And he still thought, that -- that there's -- that the hate speech is banned by the First Amendment.
GLENN: Uh-huh.
STU: And that you can't say fire in a crowded theater.
Things that anybody who studied this issue, know immediately are wrong.
And he knows nothing about them.
GLENN: Why didn't CBS ask the tough question? Why is no one really pushing Kamala on FEMA and the response to this hurricane, which is devastating?
I don't know.
Cut ten.
VOICE: And I think the dislike of, and anguish over social media is just growing and growing and growing.
And it's part of our problem, particularly in democracies.
In terms of building consensus around any issue.

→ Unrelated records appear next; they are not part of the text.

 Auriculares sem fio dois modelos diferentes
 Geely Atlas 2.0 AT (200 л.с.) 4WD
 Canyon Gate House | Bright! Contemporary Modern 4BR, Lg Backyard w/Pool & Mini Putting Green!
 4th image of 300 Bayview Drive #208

It's really hard to govern today.
You can't -- you know, there's no -- the referees we used to have to determine what's a fact and what isn't a fact.

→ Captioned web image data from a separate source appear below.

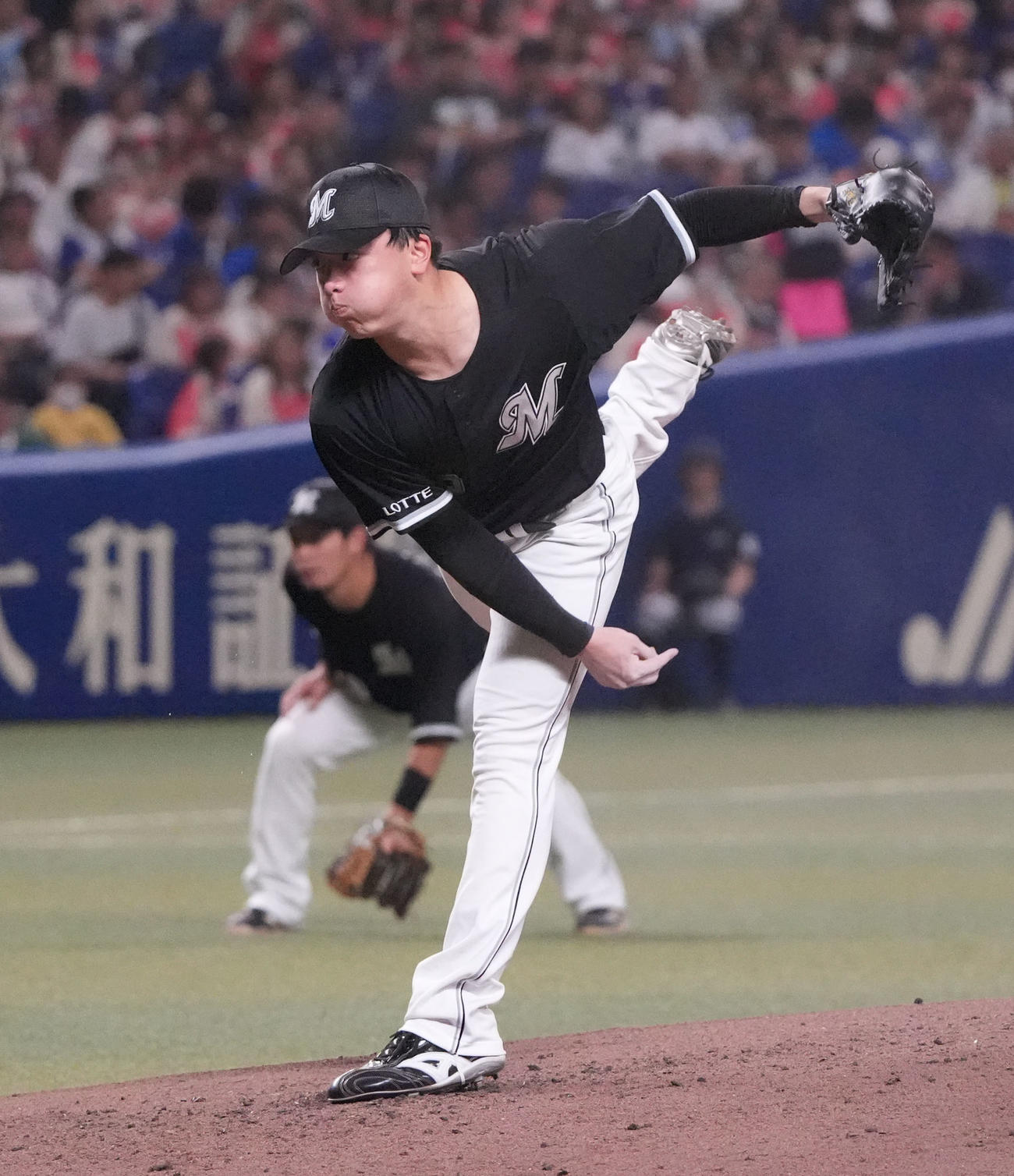 中日対ロッテ　4回裏、力投するロッテ先発の田中晴（撮影・森本幸一）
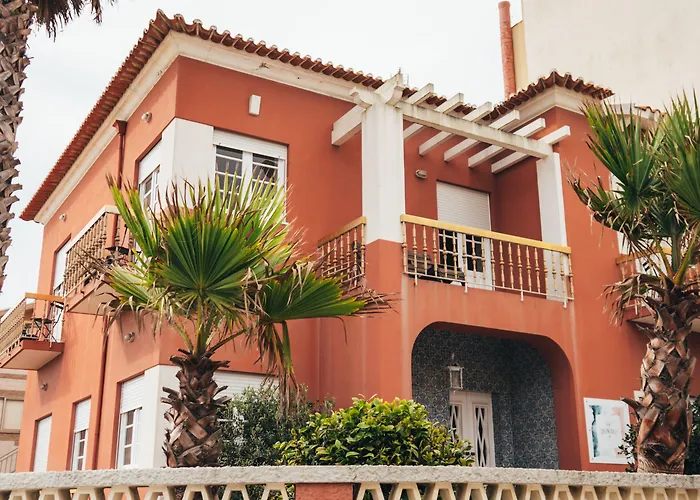 לינה וארוחת בוקר Coast Surf House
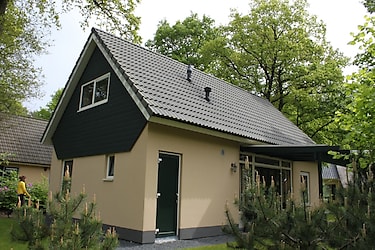 Esdorp Bungalow met Bedstee 4+2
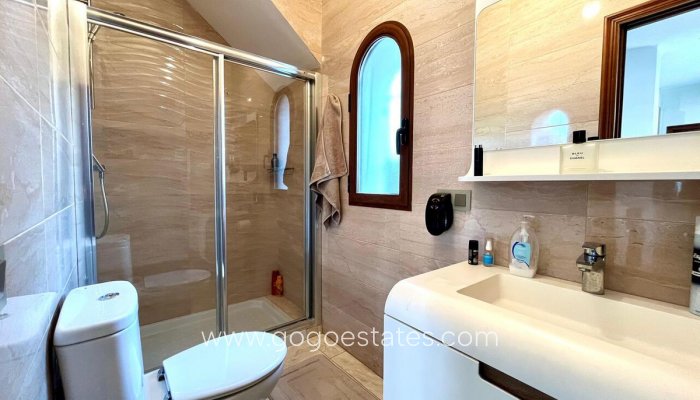 Te koop - Huis - Vrijstaande Villa - Orihuela - Villamartin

Kind of -- you know, have been eviscerated to a certain degree.
And people go -- and people self-select. Where they go for their news or for their information.
And then you just get into a vicious cycle. So it's really, really hard. Much harder to build consensus today, than at any time, of the 50 years I've been involved in this.
And, you know, there's a lot of discussion now, about how you curbed those entities.
In order to guarantee that you're going to have, you know, some accountability, on the facts, et cetera.
But look, if people go to only one source. And the source they go to is sick.
And, you know, has an agenda. And they're putting out disinformation.
Our First Amendment stands as a danger block to the ability to be able to just, you know --
GLENN: Notice. Notice, they are not talking about who the final arbiter is.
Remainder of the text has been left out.